Andrews also wrote the CBS miniseries 'Jackie Bouvier Kennedy Onassis', and the screenplay for the movie Why Do Fools Fall in Love (1998). In 2019, Andrews joined other WGA writers in firing their agents as part of the WGA's stand against the ATA and the practice of packaging.

====Literary works====
Following the production of the miniseries in 2000, Andrews published the non-fiction book Sally Hemings: An American Scandal: The Struggle to Tell the Controversial Truth (2001). It recounts her work over 16 years to bring Hemings' story to a larger audience. The book was published by Malibu Press. She wrote an essay for The First Time I Got Paid for It: Writers Tales from the Hollywood Trenches (2002). Andrews novel The Hollywood Dolls (2009) was published by Malibu Press.

Andrews is the author of 'Awop Bop Aloo Mop: Little Richard, A Life of Sex, Drugs, Rock & Roll and Religion' (Malibu Press); and the historical novel 'Princess Sarah: Queen Victoria's African Goddaughter' (Malibu Press). Additioally, Andrews is also the author of Charlotte Sophia: Myth, Madness, and the Moor (2010), a historical novel about Charlotte of Mecklenburg, wife of King George III of Great Britain. A paperback edition was published in 2013. Andrews explores the life of the queen, building on a theory that she had a black ancestor in the 13th century. Andrews adapted the Charlotte novel as a play titled Buckingham, which premiered at the Southampton Cultural Center in May 2013. An updated edition of the book entitled Queen Charlotte Sophia: A Royal Affair was acquired for publication by Jacaranda Books in 2023.

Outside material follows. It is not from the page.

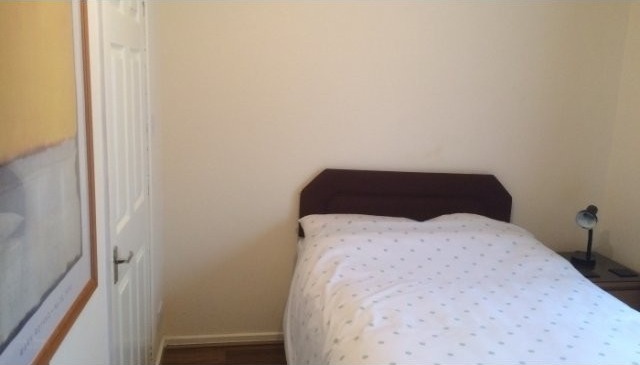 ROOM TO LET IN HOLLINSWOOD - ALL BILLS..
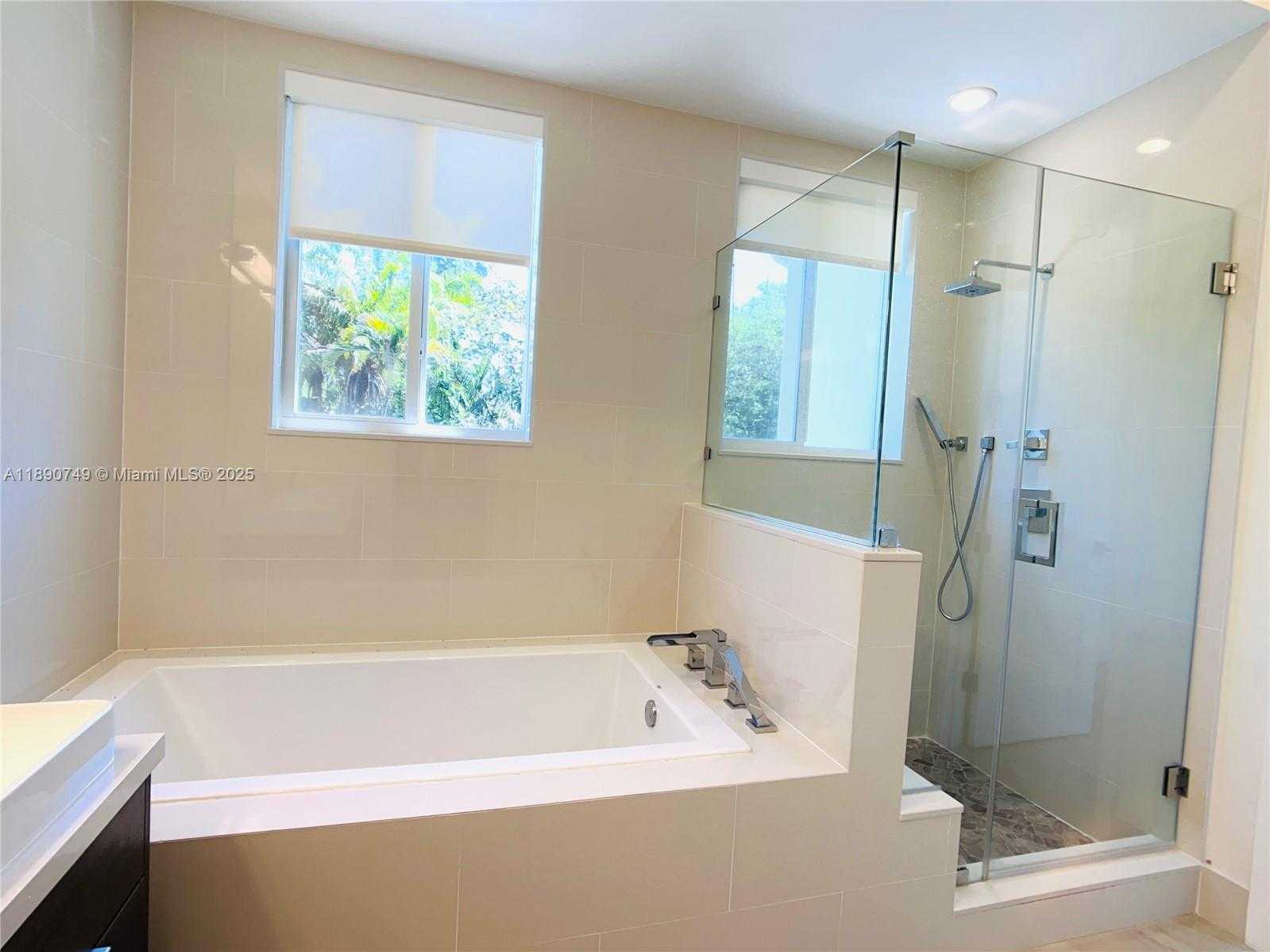Small Image of 11843 SOUTH WEST 81ST RD, Pinecrest Number 9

==Awards and nominations==
In 1999, Andrews received a nomination at the Acapulco Black Film Festival for Best Screenplay for the 1998 movie Why Do Fools Fall in Love. In 2001, Andrews was the first African American to win the Writers Guild of America award for Original Long Form for her script for the 2000 miniseries Sally Hemings: An American Scandal. She shared the award with Phil Alden Robinson and Stanley Weiser, who won for the 2000 movie Freedom Song. That year, Andrews also won the NAACP Image Award for Outstanding TV Movie, Miniseries or Special. In 2002, Andrews won two awards for her book about developing the Hemings story as a TV miniseries: the NAACP Image Award for Outstanding Achievement in Literary Nonfiction and the Literary Award of Excellence from the Memphis Black Writers Conference. In 2003, Andrews won the MIB/Prism Filmmaker Image Award, and she received a proclamation from the City Council of New York that year.